#### Requirement
From the entries below, list each line with "NSString".

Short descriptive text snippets
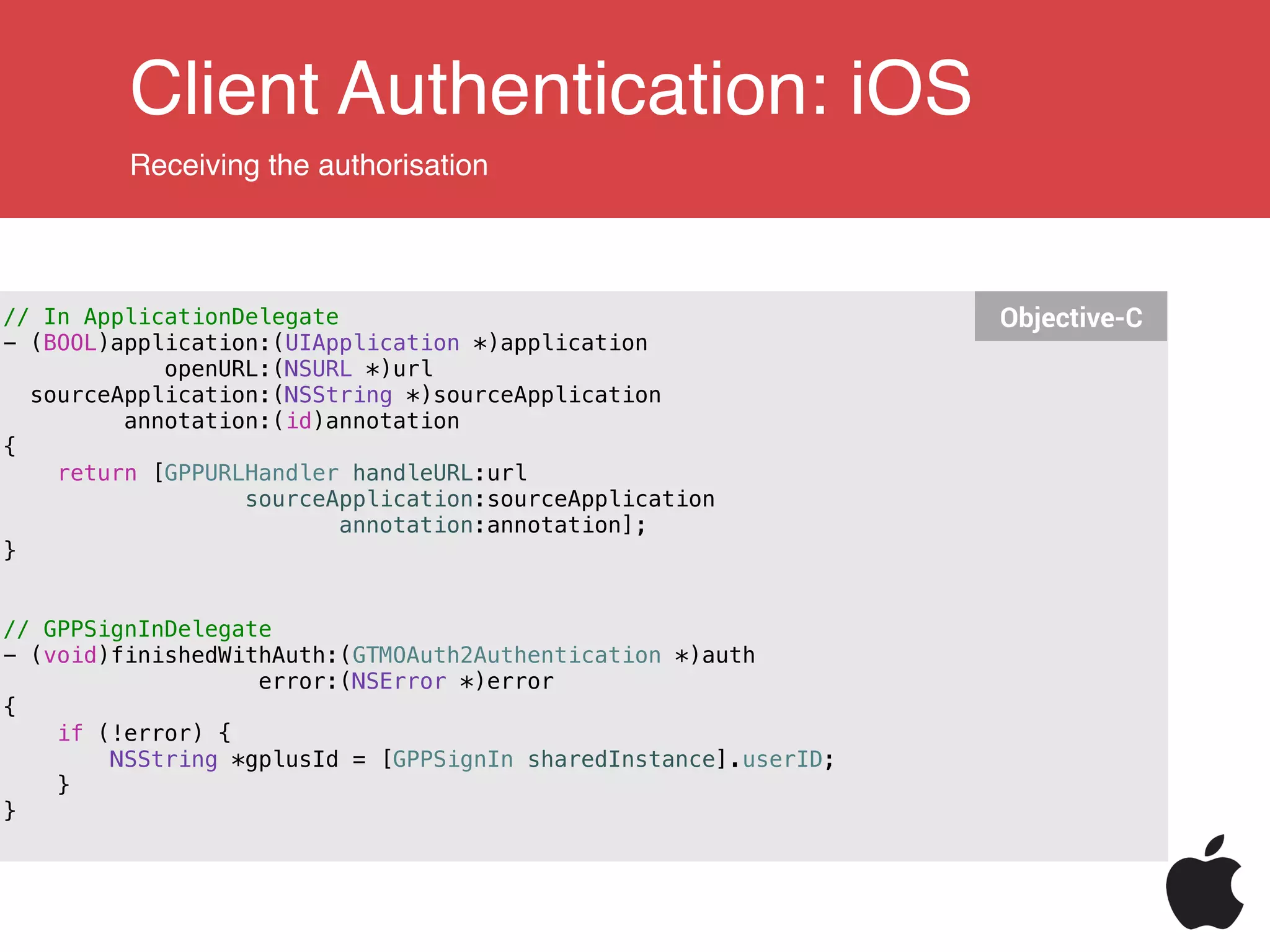 Client Authentication: iOS
Receiving the authorisation
// In ApplicationDelegate
- (BOOL)application:(UIApplication *)application
openURL:(NSURL *)url
sourceApplication:(NSString *)sourceApplication
annotation:(id)annotation
{
return [GPPURLHandler handleURL:url
sourceApplication:sourceApplication
annotation:annotation];
}
!
!
// GPPSignInDelegate
- (void)finishedWithAuth:(GTMOAuth2Authentication *)auth
error:(NSError *)error
{
if (!error) {
NSString *gplusId = [GPPSignIn sharedInstance].userID;
}
}
Objective-C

#### Exercise solution
sourceApplication:(NSString *)sourceApplication
NSString *gplusId = [GPPSignIn sharedInstance].userID;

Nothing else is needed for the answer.